Goal: Maximization of the expected reward of the policy by learning of the parameters $\theta$.

Definition of the policy gradient (e.g. for gradient descent)¶

$$ \nabla_\theta \mathbb E(R) $$

$R$: reward function

Score function gradient estimator¶

The expectation of a function $f(X)$ is defined as: $$ \mathbb E_{X \sim p(X\mid \theta)} [f(X)] = \int_\mathcal X f(X) p(X\mid \theta) dX $$

If we want to compute the gradient of the expectation we can rearrange the formula: $$ \nabla_\theta \mathbb E_{X\sim p(X\mid \theta)} [f(X)] = \nabla_\theta \left( \int_\mathcal X f(X) p(X\mid \theta) dX \right) =\\ \int_\mathcal X f(X) \nabla_\theta \left( p(X\mid \theta) \right) dX =\\ \int_\mathcal X f(X) p(X\mid \theta) \frac{\nabla_\theta \left( p(X\mid \theta) \right) }{p(X\mid \theta)}dX =\\ \int_\mathcal X f(X) p(X\mid \theta)\nabla_\theta \left(\log p(X\mid \theta) \right) dX =\\ \mathbb E_{X\sim p(X\mid \theta)} \left[f(X) \nabla_\theta \left(\log p(X\mid \theta) \right) \right] $$

Score function¶

$$ \nabla_\theta \pi_\theta(s,a) = \pi_\theta(s,a) \frac{\nabla_\theta \pi_\theta(s,a)}{\pi_\theta(s,a)} = \pi_\theta(s,a) \nabla_\theta \log \pi_\theta(s,a) $$

The score function is: $\nabla_\theta \log \pi_\theta(s,a)$

The score function describes how sensitive the stocastic policy $\pi$ is to changes in $\theta$ for a fixed $\theta$.

Softmax Policy¶

Discrete action space.

Linear model for th unnormalized log-probability: $\phi(s,a)^T \theta$,
i.e. weighting of the actions using a linear combination of features $\phi(s,a)$.
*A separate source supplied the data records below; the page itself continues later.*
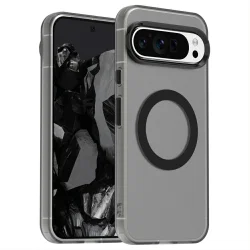 Google Pixel 9 / 9 Pro Hoesje MagSafe Backcover Semi-Transparant & Zwart afbeelding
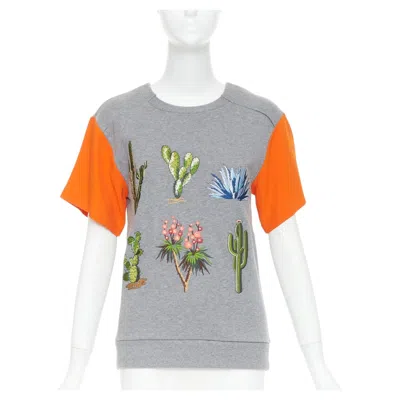 Pre-owned Stella Mccartney 2016 Orange Cotton Embroidered Cactus Pullover Sweater It38 Xs
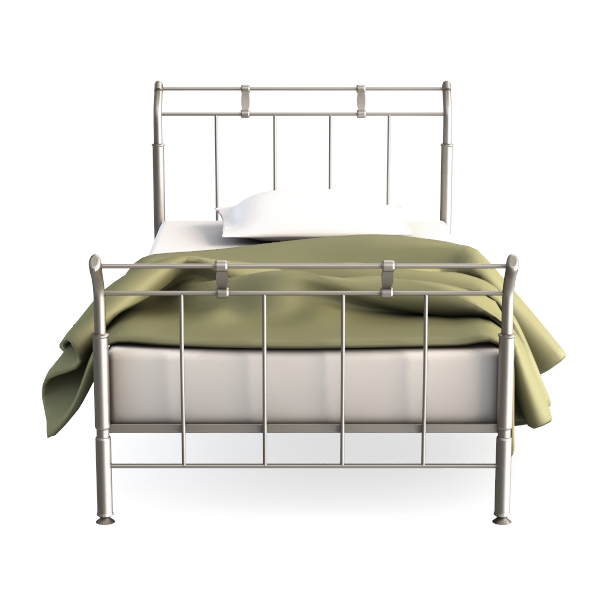 vidaXL Metal Bed Frame with Headboard, Single Bed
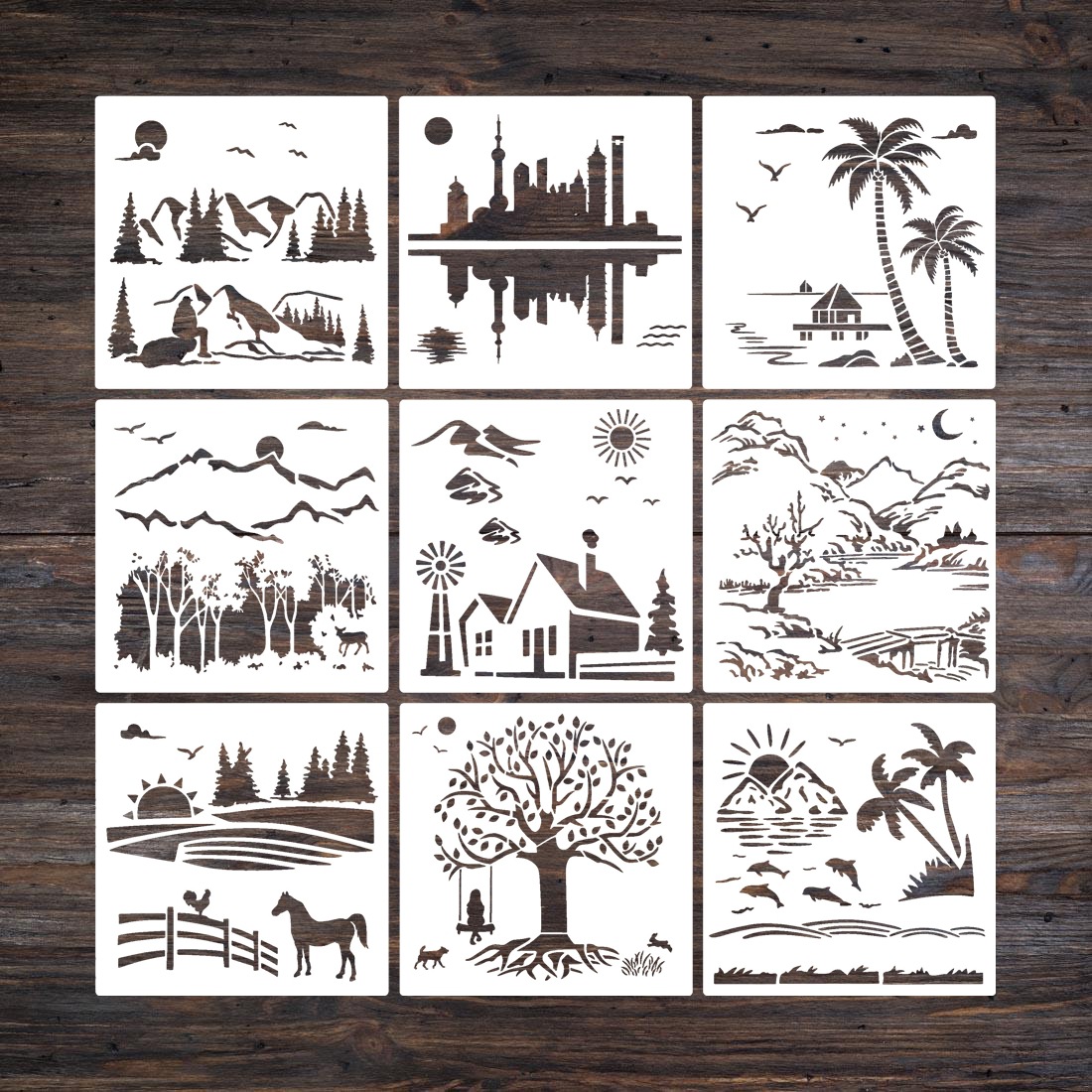 New hollow painting template Amazon landscape City Country Forest Farm Beach elements handmade Template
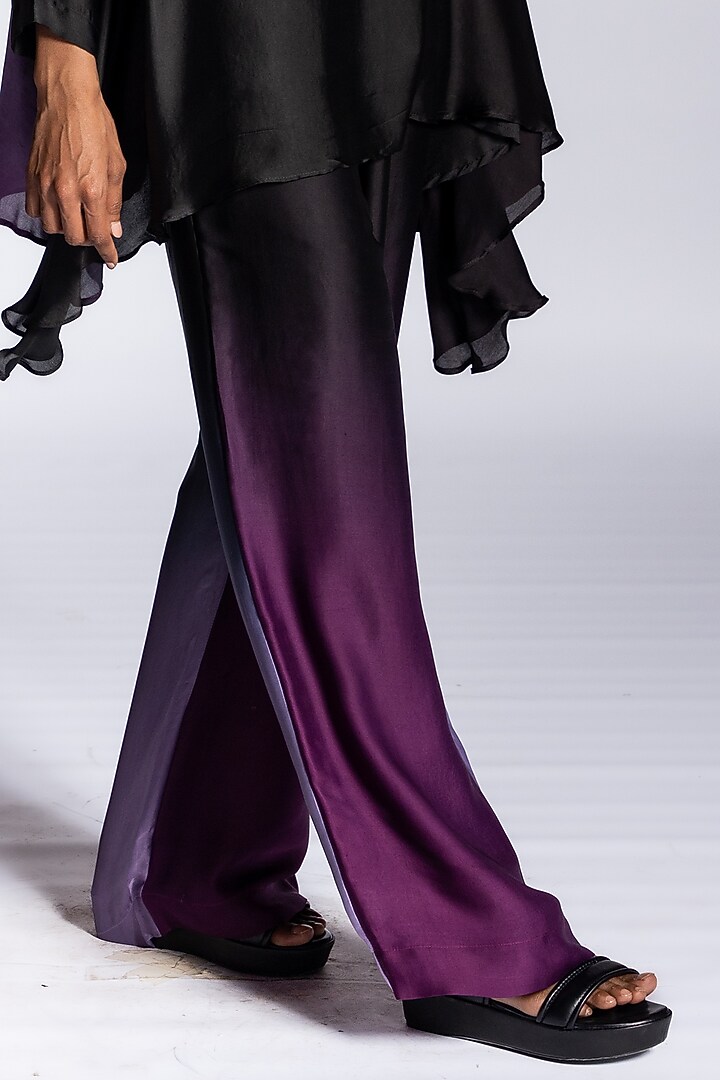 Purple Ombre Silk Blend Co-Ord Set by NOTSOSURE at Pernia's Pop Up Shop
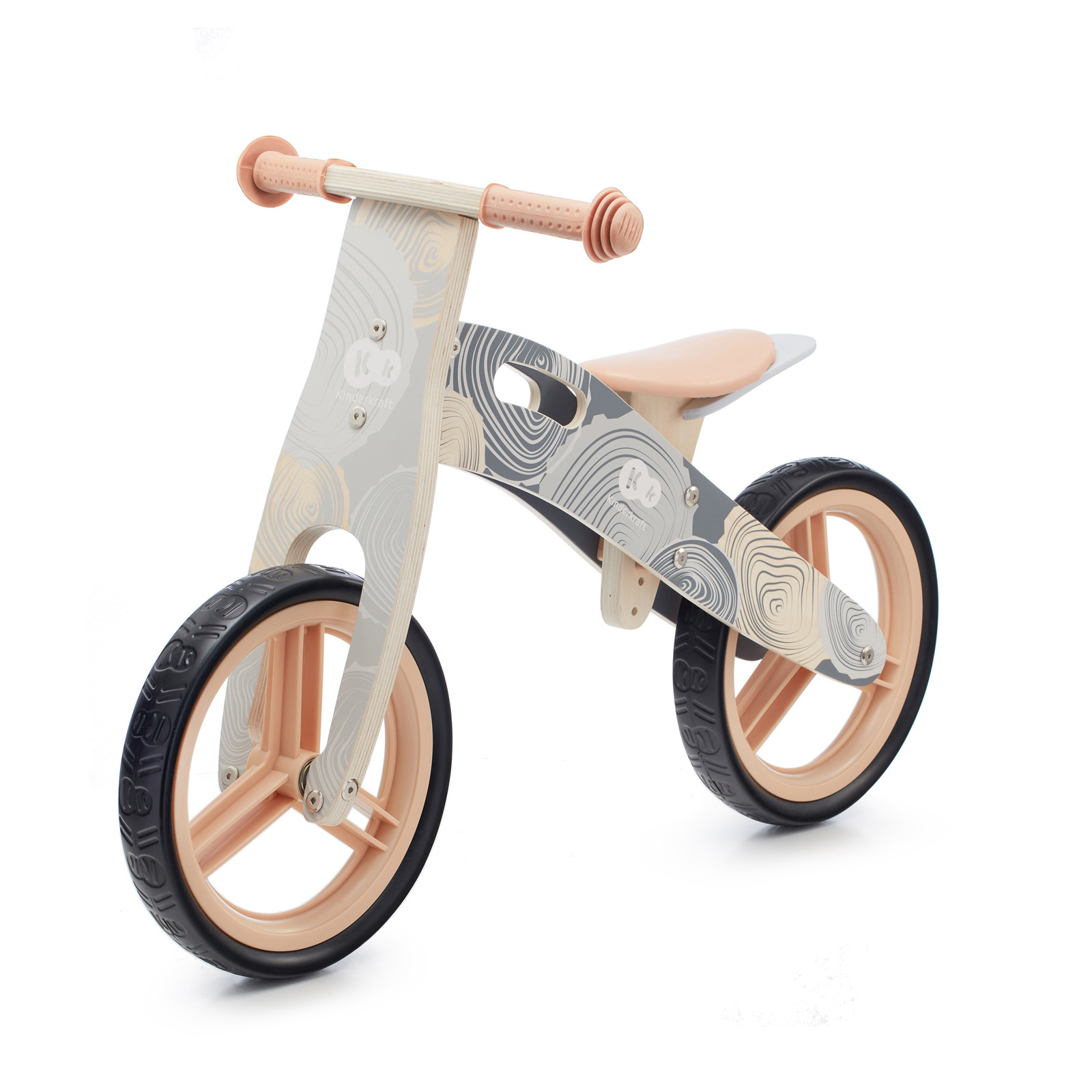 Kinderkraft Runner Eco Friendly Wooden Balance Bike - Grey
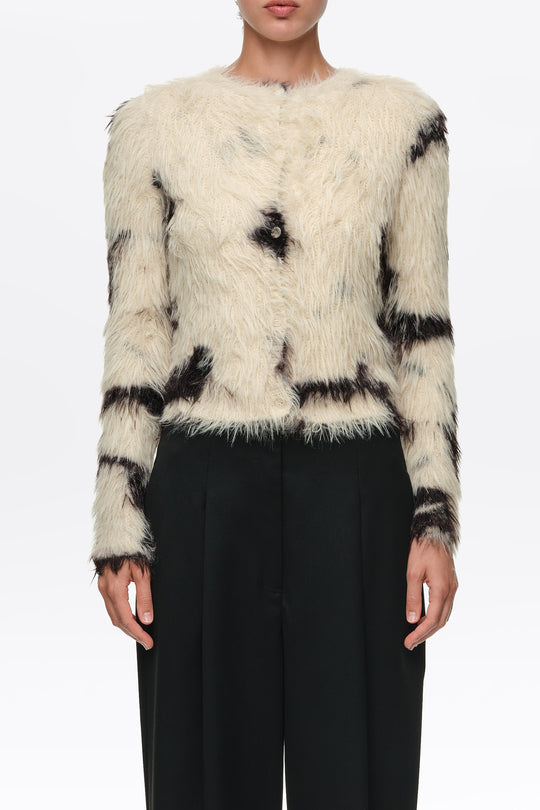 Pony straight fur cardigan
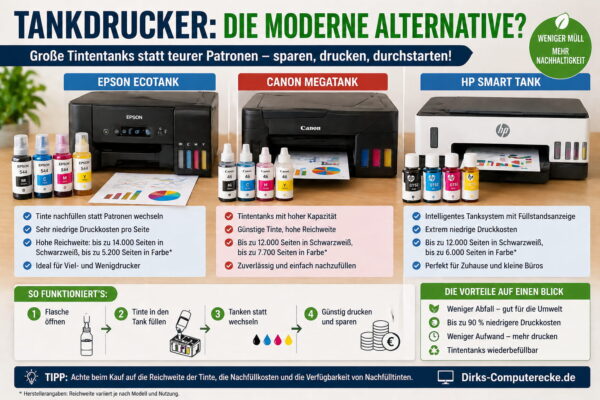 Vergleich moderner Tankdrucker von Epson EcoTank, Canon MegaTank und HP Smart Tank mit sichtbaren Tintentanks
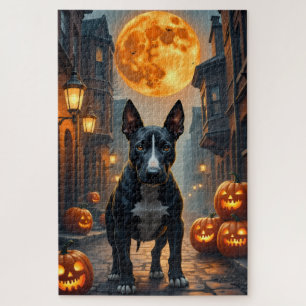 Quebra-cabeça Arte de Halloween do Bull Terrier Gótico Beco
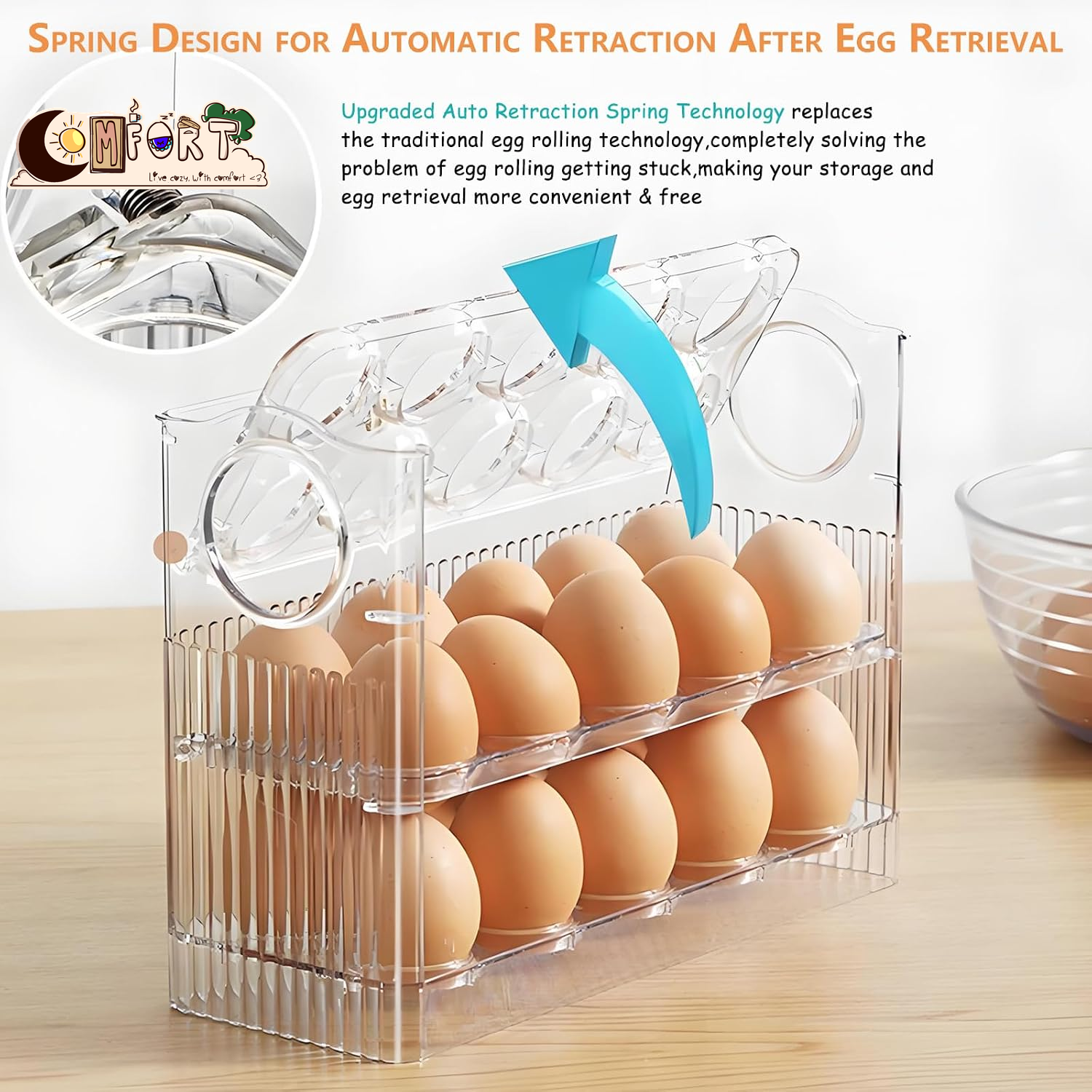 Egg Holder for Fridge, Holds 30 Eggs, 3-Tier Stackable Egg Organizer for Refrigerator with Date Tracker & One-Hand Access, Bpa-Free PET Egg Storage Container for Countertop or Fridge, Clear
Exponentiation and normalization gives the probability for an action $a$ in state $s$:

$$ \pi_\theta (s, a) = \frac{ e^{\phi(s,a)^T \theta }}{\sum_{a' \in \mathcal A} e^{\phi(s,a')^T \theta} } $$

The score function for softmax policy:

$$ \nabla_\theta \log \pi_\theta(s,a) = \phi(s,a) - \mathbb E_{\pi_\theta}[\phi(s,\cdot )] $$

One-Step MDP¶

starting in state $s \sim d(s)$
terminating after one step with reward $R \sim \mathcal R_{s,a}$

$$ J(\theta) = \mathbb{E}[R] = \sum_{s\in \mathcal S} d(s)\sum_{a\in \mathcal A} \pi_\theta(s,a)\mathcal R_{s,a} $$$$ \nabla_\theta J(\theta) = \sum_{s\in \mathcal S} d(s) \sum_{a\in \mathcal A} \pi_\theta(s,a) \nabla_\theta \log \pi_\theta(s,a) \mathcal R_{s,a} = \mathbb{E}_{\pi_\theta}[\nabla_\theta \log \pi_\theta(s,a) R] $$

Stochastic Policy Gradient Theorem¶

For multiple step MDPs the Policy Gradient Theorem generalizes the likelihood ratio approach.
replace instantaneous reward $R$ with long-term value $Q^{\pi_\theta}(s,a)$

For any differentiable policy $\pi_\theta(s,a)$,
for any of the policy objective functions $J = J_1, J_{avgR}$, or $\frac{1}{1-\gamma}J_{avgV}$ the policy gradient is (proof see appendix of [Su00]):

$$ \nabla_\theta J(\theta) = \mathbb{E}_{\pi_\theta}[\nabla_\theta \log \pi_\theta(s,a) Q^{\pi_\theta}(s,a)] $$

Practical value of the theorem: the computation of the policy gradient reduces to a simple expectation.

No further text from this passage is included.